Non-thermal plasma specifically kills oral squamous cell carcinoma cells in a catalytic Fe(II)-dependent manner.

J Clin Biochem Nutr 2019 Jul 1;65(1):8-15. Epub 2019 Jun 1.

Department of Pathology and Biological Responses, Nagoya University Graduate School of Medicine, 65 Turumai-cho, Showa-ku, Nagoya 466-8550, Japan.

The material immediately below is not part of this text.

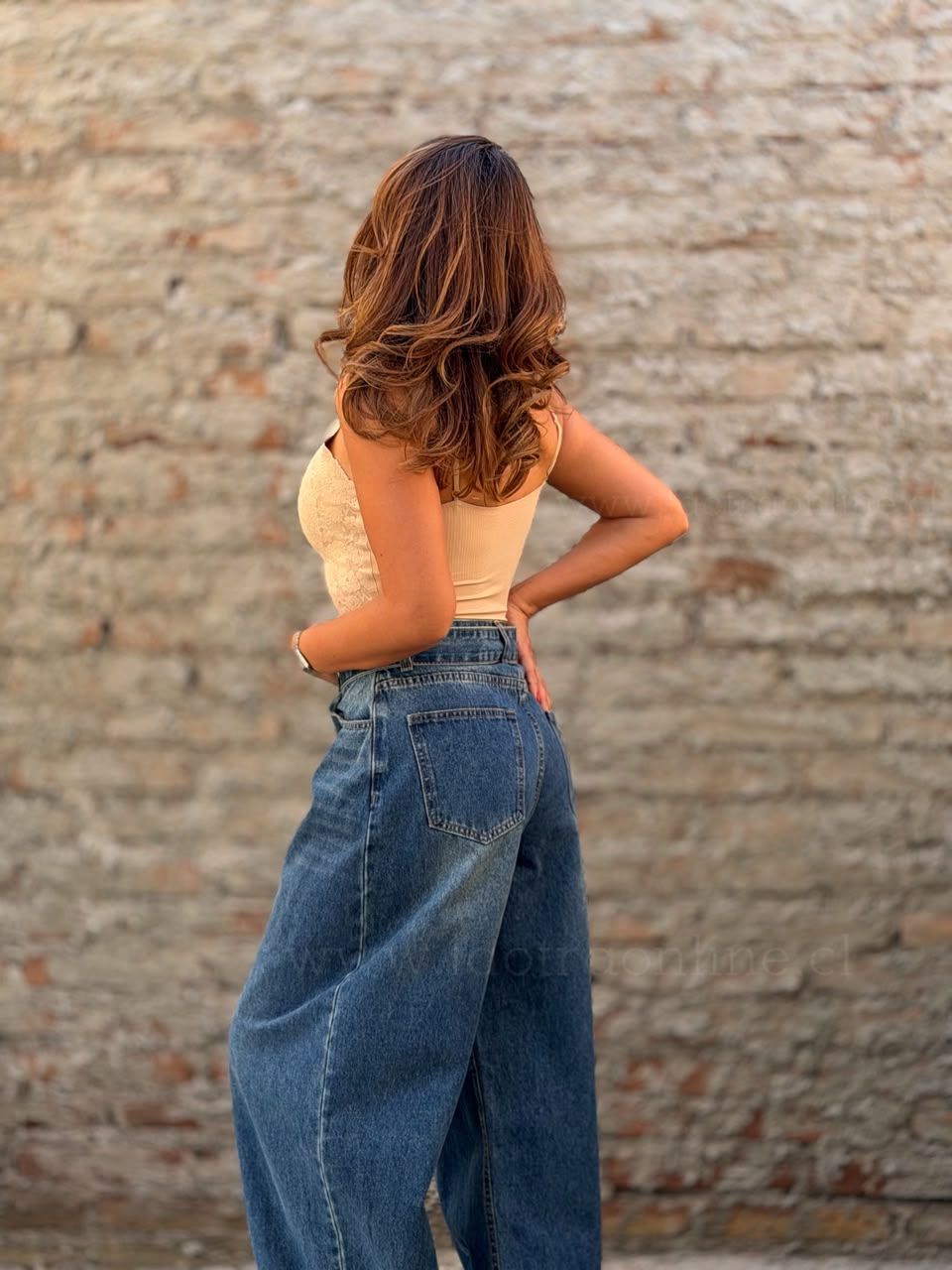 Jeans Baggy cinto azul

Oral cancer accounts for ~2% of all cancers worldwide, and therapeutic intervention is closely associated with quality of life. Here, we evaluated the effects of non-thermal plasma on oral squamous cell carcinoma cells with special reference to catalytic Fe(II). Non-thermal plasma exerted a specific killing effect on oral squamous cell carcinoma cells in comparison to fibroblasts. Furthermore, the effect was dependent on the amounts of catalytic Fe(II), present especially in lysosomes. After non-thermal plasma application, lipid peroxidation occurred and peroxides and mitochondrial superoxide were generated. Cancer cell death by non-thermal plasma was promoted dose-dependently by prior application of ferric ammonium citrate and prevented by desferrioxamine, suggesting the association of ferroptosis. Potential involvement of apoptosis was also observed with positive terminal deoxynucleaotidyl transferase-mediated dUTP nick end labeling and annexin V results. Non-thermal plasma exposure significantly suppressed the migratory, invasive and colony-forming abilities of squamous cell carcinoma cells. The oral cavity is easily observable; therefore, non-thermal plasma can be directly applied to the oral cavity to kill oral squamous cell carcinoma without damaging fibroblasts. In conclusion, non-thermal plasma treatment is a potential therapeutic option for oral cancer.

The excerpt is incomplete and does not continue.